Three weeks into my new role seems a good time to blog. Today we will reveal the Internet Party’s candidates for the Internet MANA Party list. You’ll see that we are bringing a fresh leadership into national politics.
Our team embodies a new political constituency. Smart, young and non-tribal.
This team has done things outside politics that will invigorate progressive representation. They have worked in real jobs, often on the digital frontier or helping others catch up to it. Many are deeply rooted in provincial communities. All have an ethic of service that is reflected in their contribution as volunteers at home and abroad and now their commitment to changing the government by winning Internet MANA Party votes.

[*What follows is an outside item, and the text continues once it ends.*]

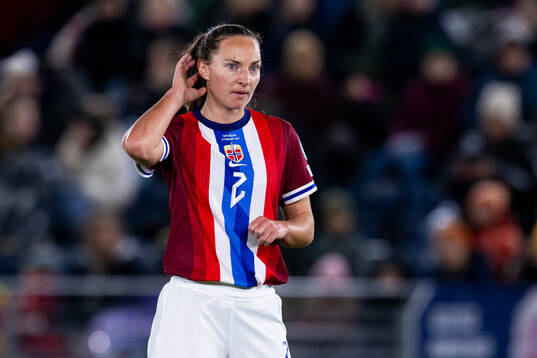 Marit Bratberg Lund of Norway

I am stoked with the strength of our Auckland candidates. Auckland matters very much, and yet it has for a long time trailed the capital in fostering and promoting new progressive leadership. Perhaps it’s our size and diversity, our mental distance from the political centre, but it’s always been hard to connect Aucklanders to national politics. You see the result when almost every civic leader wants the City Rail Link and all we get is more roads. When 2km from the CBD my internet speed is crap and the only reason it was faster in Te Atatu was because our neighbourhood couldn’t afford broadband. When voter turnout in the South Auckland electorates falls at a similar rate to the growth in inequality.
We are serious about Auckland, serious about the potential of the Internet to turn around regional decline and serious about bridging the digital divide.
On that note in just a few weeks since the Internet MANA agreement was reached, it is taking on its own identity within our planning and thinking.
Yes, the agreement was sparked by a shared interest in ensuring Internet Party votes would not be wasted – a situation that would have undermined our mission to change the government. But such an agreement would not have been possible without a strong values base shared by its advocates in both parties. I firmly believe that the substance of this agreement lies in its linking of two important constituencies through these common values. Among those values is a spirit of entrepreneurialism that is disrupting business, culture and now politics, and the Internet is a tool and a catalyst for that.
As I said to our candidates last weekend, imagine if we had embraced the opportunity 180 years ago to forge a society based on the universal human values we espouse. How different Aotearoa would look now, for Maori, Pakeha and newcomers. There is a Chinese proverb that says the best time to plant a tree is 20 years ago, the second best time is today.
In three months we can change the government. To do that we must jolt the disengaged into a conversation about politics. We have started.